I bet there are more than a few member here who could help you out with a Black Dial Pacer. This one, for instance:










Nice looking Pacer, John. I think that Pacers and Venturas are truly my most favourite Hamilton Electrics.


----------



## Sisyphus (Jun 3, 2009)

I bet there are more than a few member here who could help you out with a Black Dial Pacer. This one, for instance:










Nice looking Pacer, John. I think that Pacers and Venturas are truly my most favourite Hamilton Electrics.

********************

That black dial makes a world of difference, Dave. If anyone happens to have one they would part with, be sure to let me know! And I agree with you about the Pacer and Ventura -- they are iconic.


----------



## Silver Hawk (Dec 2, 2003)

If you haven't got a Pacer and/or Ventura, how can you be called a true electric watch collector? :huh:


----------



## martinus_scriblerus (Sep 29, 2008)

Sisyphus said:


> This Pacer is a recent addition to my modest but growing collection of Hamilton electrics. It has the 500A movement and is in running condition. Though I would *prefer a black dial*, this one was too nice to pass up for the price. I'll post a photo of another newcomer soon and then try to take a group picture.


Well you missed out John - a black dial Pacer sold the other day on ebay for $215.00. Needed work, yes, but cheapest I have seen in ages. It seems that normal black dial pacers needing overhaul sell typically $380 - $600. Even at the buy it now price of $250 I don't think you could have gone wrong.

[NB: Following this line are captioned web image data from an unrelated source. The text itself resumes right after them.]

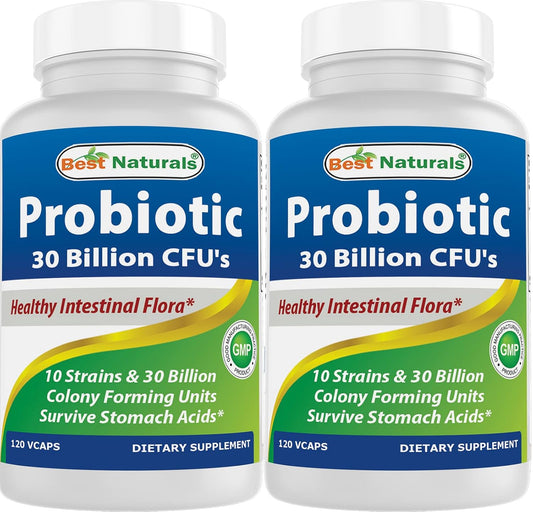Probiotic 10 Strains 30 Billion CFU Veggie Caps for Gut Health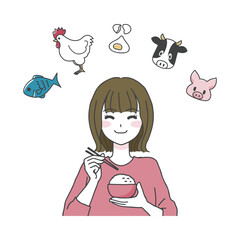 美味しそうにご飯を食べる女性のイラスト02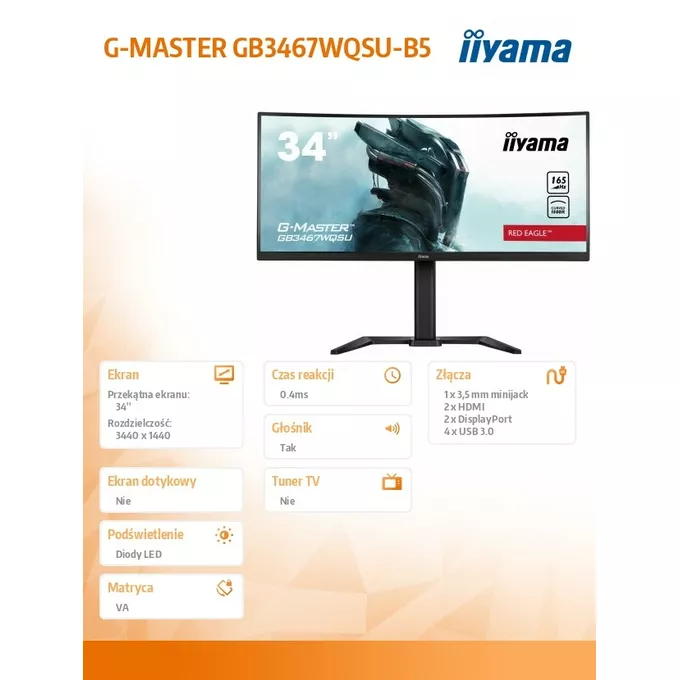 IIYAMA Monitor 34 cale G-MASTER GB3467WQSU-B5 VA,UWQHD,165HZ,HAS(15cm),1500R,4xUSB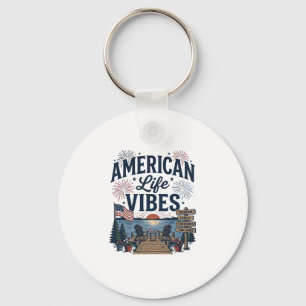 Porte-clés Vibes de la vie américaine T-shirt vectoriel du la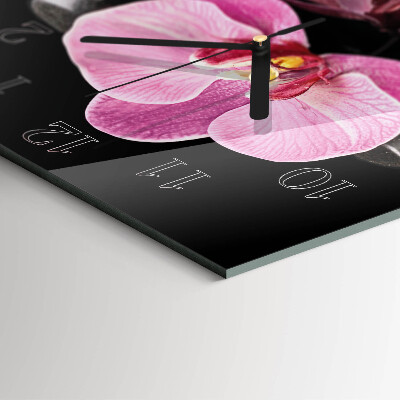 Wanduhr aus glas Orchidee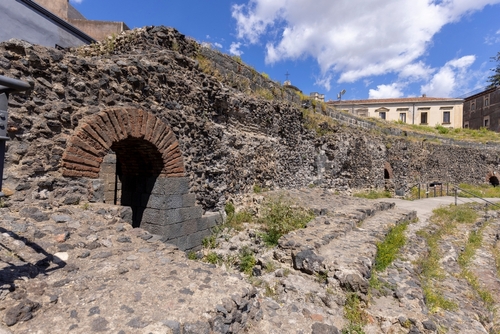 Ruins of open-air Roman Theatre, part of the Parco archeologico Greco-Romano di Catania, Sicily, Italy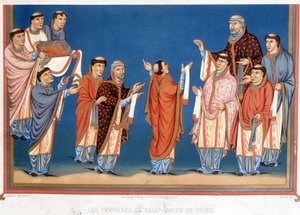 De kanunniken van Sint Martin van Tours bieden koning Karel de Kale een bijbel aan, geschreven in hun abdij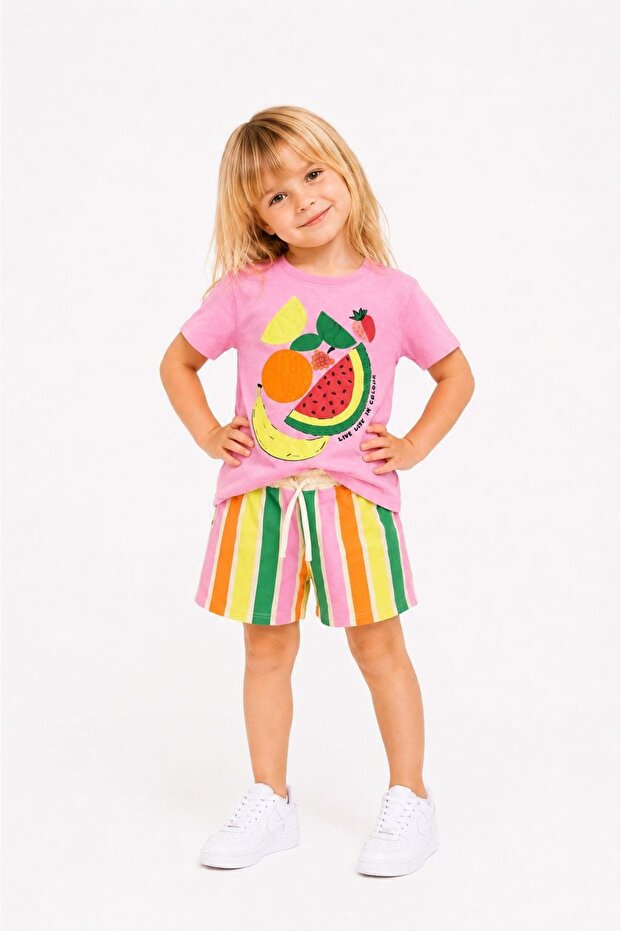 Girls' Summer Watermelon Pattern T-Shirt Shorts Set 3-10 Years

I was runner up, but I think I now have 4 black dial Pacers so I wasn't chasing it very hard.


----------



## Sisyphus (Jun 3, 2009)

martinus_scriblerus said:


> Well you missed out John - a black dial Pacer sold the other day on ebay for $215.00. Needed work, yes, but cheapest I have seen in ages. It seems that normal black dial pacers needing overhaul sell typically $380 - $600. Even at the buy it now price of $250 I don't think you could have gone wrong.


Story of my life. "A day late and a dollar short," as my father used to say.


----------



## martinus_scriblerus (Sep 29, 2008)

Sisyphus said:


> martinus_scriblerus said:
> 
> 
> > Well you missed out John - a black dial Pacer sold the other day on ebay for $215.00. Needed work, yes, but cheapest I have seen in ages. It seems that normal black dial pacers needing overhaul sell typically $380 - $600. Even at the buy it now price of $250 I don't think you could have gone wrong.
> ...


The good thing about Pacers, John, is that there is ALWAYS another. With production of 42,800 they are hardly "scarce". Another reason why every follower of the electric watch forum should have a Pacer in their collection.


----------



## AlexC1981 (Jul 26, 2009)

Can I see some more wrist shots of these please? Quite tempted by one.


----------



## martinus_scriblerus (Sep 29, 2008)

AlexC1981 said:


> Can I see some more wrist shots of these please? Quite tempted by one.


Hey AlexC1981.

If you are interested in a Pacer you NEED to buy this book.

Invaluable resource and a huge pile of information about and photos of Pacers.


----------



## andy s (Jan 25, 2009)

Silver Hawk said:


> If you haven't got a Pacer and/or Ventura, how can you be called a true electric watch collector? :huh:


Well just look what you have gone and done now Paul.

All of a sudden it appears that i need a Ventura or Pacer

to be in the club. More expence!


----------



## martinus_scriblerus (Sep 29, 2008)

Silver Hawk said:


> If you haven't got a Pacer and/or Ventura, how can you be called a true electric watch collector? :huh:
> 
> Well just look what you have gone and done now Paul.
> 
> ...


Not an expense, it's an investment!


----------



## AlexC1981 (Jul 26, 2009)

martinus_scriblerus said:


> AlexC1981 said:
> 
> 
> > Can I see some more wrist shots of these please? Quite tempted by one.
> ...


Cheers. If I buy that I'd probably spend all night reading it and by morning have a list as long as my arm of new watches to find and buy :lol:


----------